───── GIVEN DATA ─────

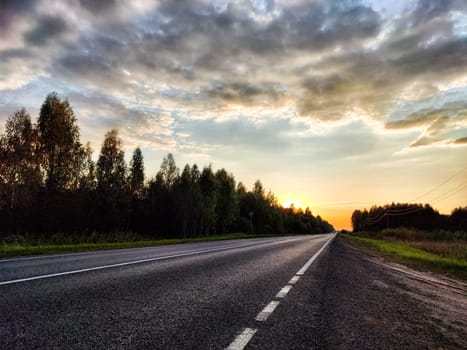 Dramatic sunset over asphalt road. Track goes into the distance in the evening summer, autumn or spring evening or night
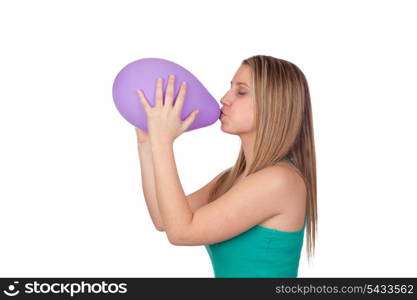 Attractive blond girl swelling a balloon isolated on white background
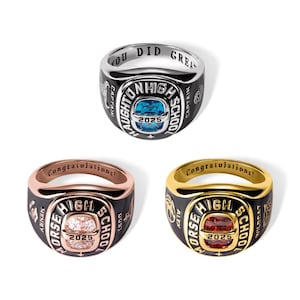 May include: Three class rings with black enamel and gold, rose gold, and silver bands. Each ring features a central gemstone and the year 2025. One ring says "You Did Great" and another says "Congratulations!"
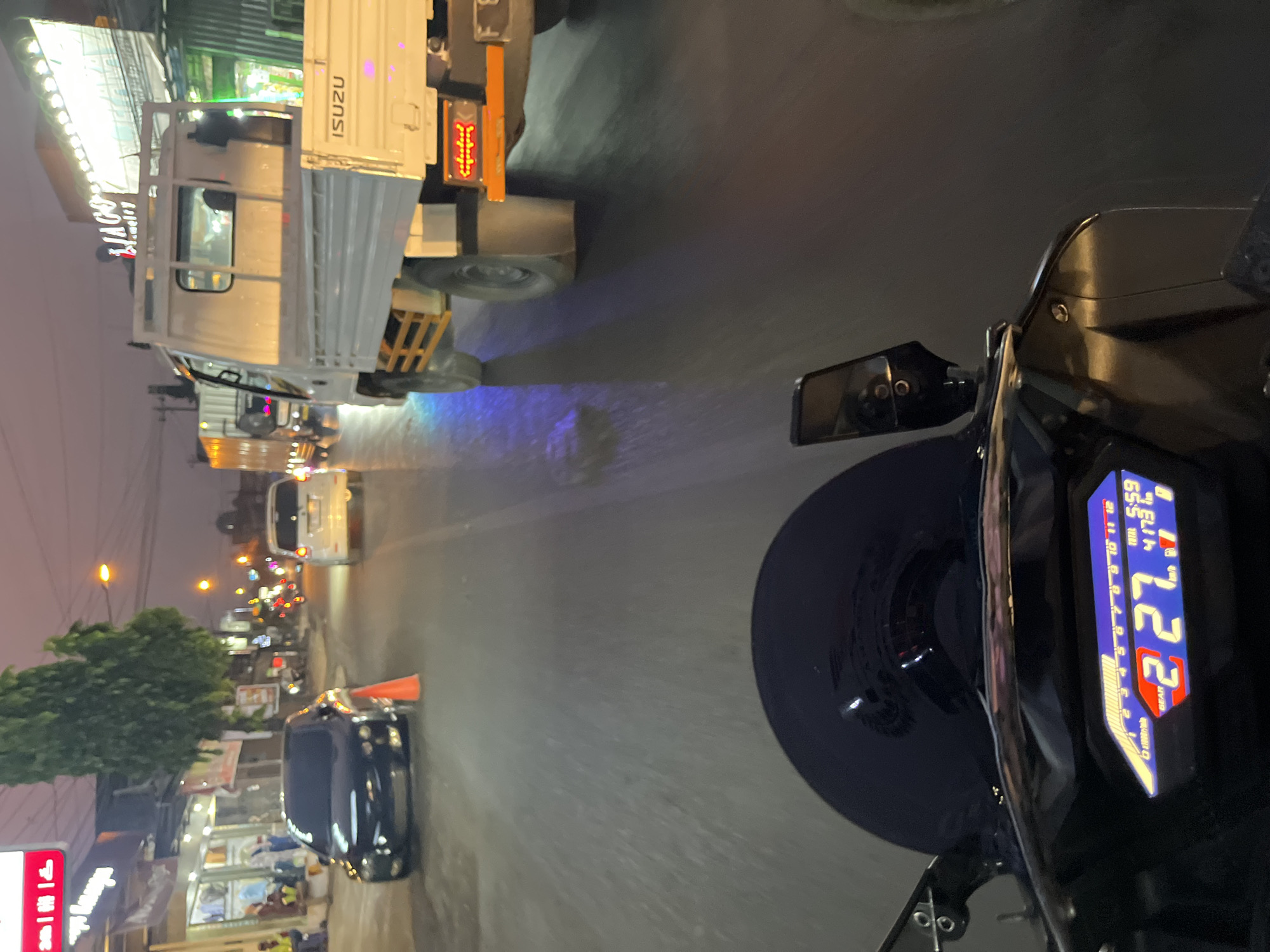This image is a first-person perspective of a motorcycle rider in Kriyan, Indonesia, captured at dusk. The rider's dashboard displays "GEAR 2", a speed of "227", a time of "5:59", and "4173" kilometers. The road is wet, indicating recent rain, and reflects the ambient light from streetlights and vehicle headlights.
In the foreground, the motorcycle's dashboard and windshield are visible. Ahead, several vehicles are present on the road. A black car is parked on the left side of the road, partially obscured by an orange traffic cone. Further ahead, a white van and a white Isuzu truck are traveling in the same direction as the motorcycle. The truck has "ISUZU" branding visible on its side.
On the left side of the road, there are buildings with illuminated signage, including a store with the word "Jewelry" prominently displayed. People are seen near the shops. Streetlights are illuminating the scene, casting a dim glow consistent with twilight. The overall environment suggests a commercial street in a town or city.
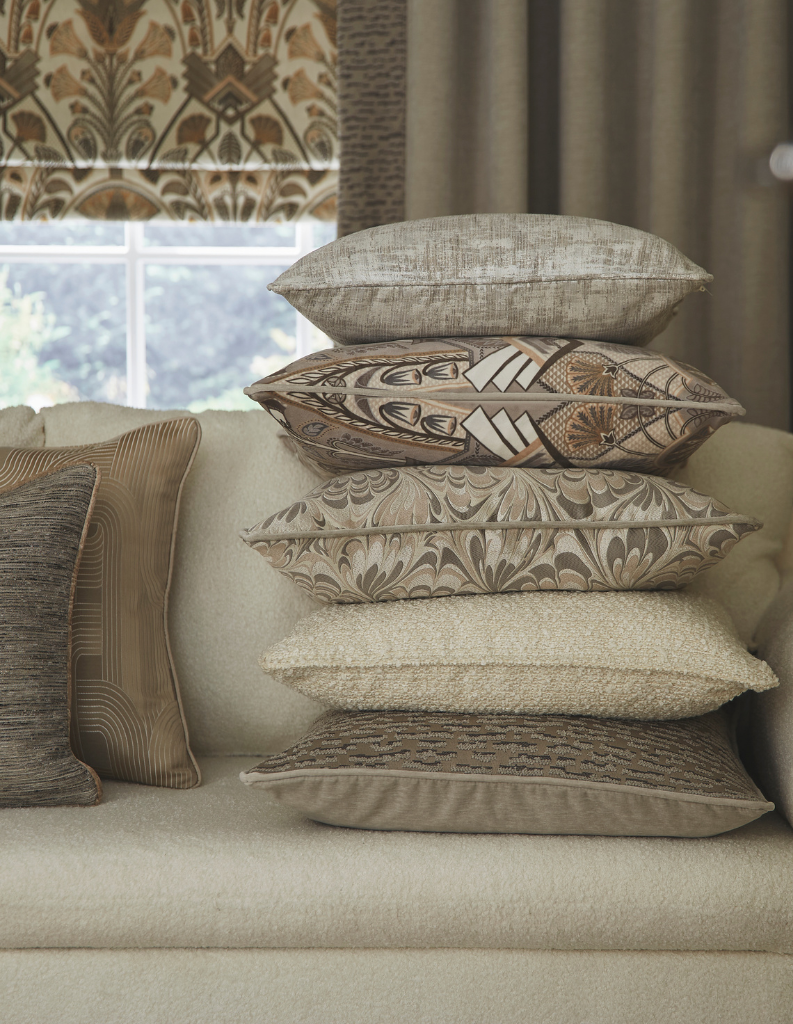 A series of patterned cushions and a floral Roman blind. 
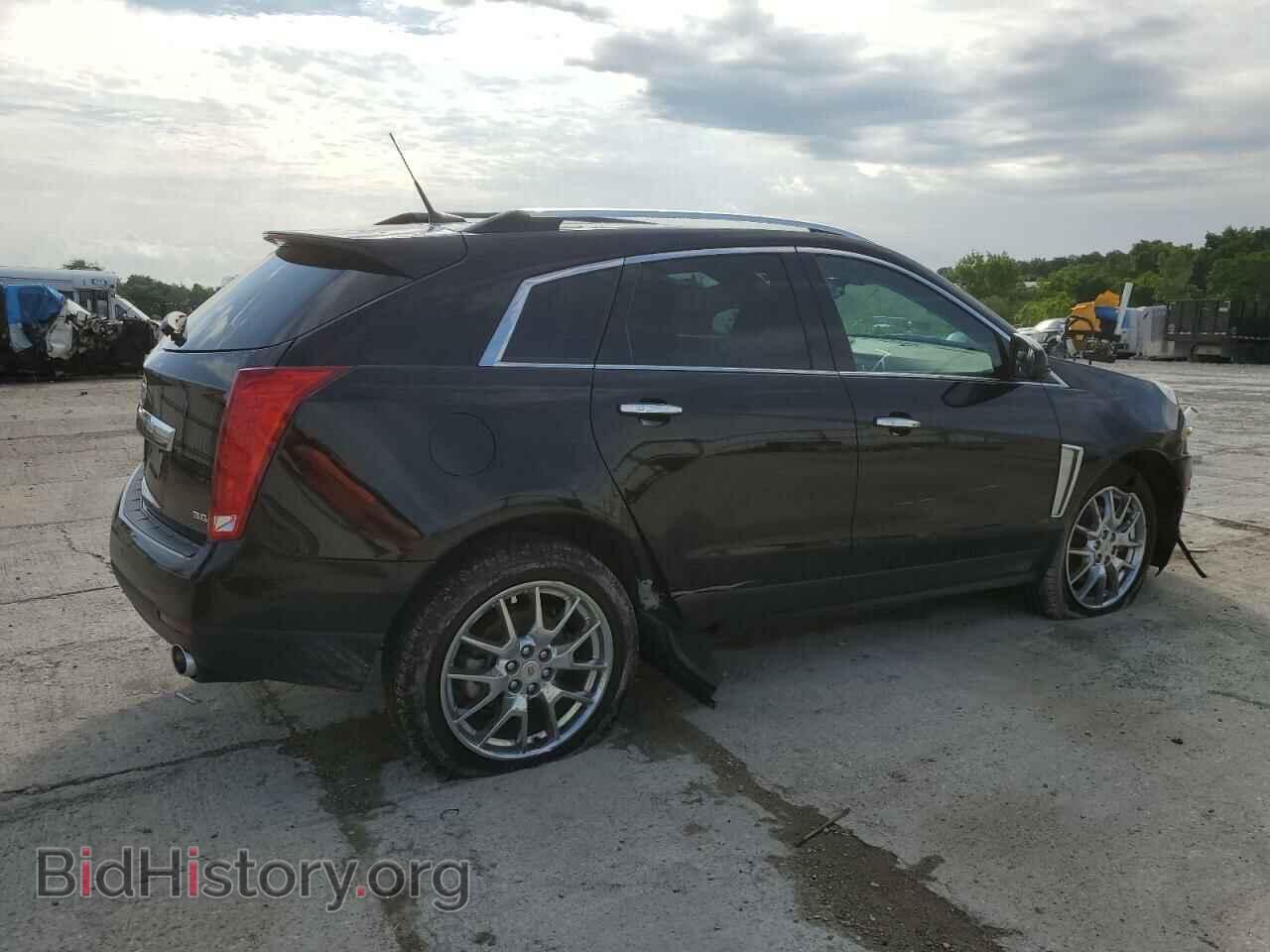 2014 CADILLAC SRX - VIN: 3GYFNCE39ES681205 - Фото 3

─────

• _ASSIGNMENT_: Would you reproduce the listing above in full and exactly, without its pictures?

• _REPLY TO THE TASK_:
 Dramatic sunset over asphalt road. Track goes into the distance in the evening summer, autumn or spring evening or night
 Attractive blond girl swelling a balloon isolated on white background
 May include: Three class rings with black enamel and gold, rose gold, and silver bands. Each ring features a central gemstone and the year 2025. One ring says "You Did Great" and another says "Congratulations!"
This image is a first-person perspective of a motorcycle rider in Kriyan, Indonesia, captured at dusk. The rider's dashboard displays "GEAR 2", a speed of "227", a time of "5:59", and "4173" kilometers. The road is wet, indicating recent rain, and reflects the ambient light from streetlights and vehicle headlights.
In the foreground, the motorcycle's dashboard and windshield are visible. Ahead, several vehicles are present on the road. A black car is parked on the left side of the road, partially obscured by an orange traffic cone. Further ahead, a white van and a white Isuzu truck are traveling in the same direction as the motorcycle. The truck has "ISUZU" branding visible on its side.
On the left side of the road, there are buildings with illuminated signage, including a store with the word "Jewelry" prominently displayed. People are seen near the shops. Streetlights are illuminating the scene, casting a dim glow consistent with twilight. The overall environment suggests a commercial street in a town or city.
 A series of patterned cushions and a floral Roman blind. 
 2014 CADILLAC SRX - VIN: 3GYFNCE39ES681205 - Фото 3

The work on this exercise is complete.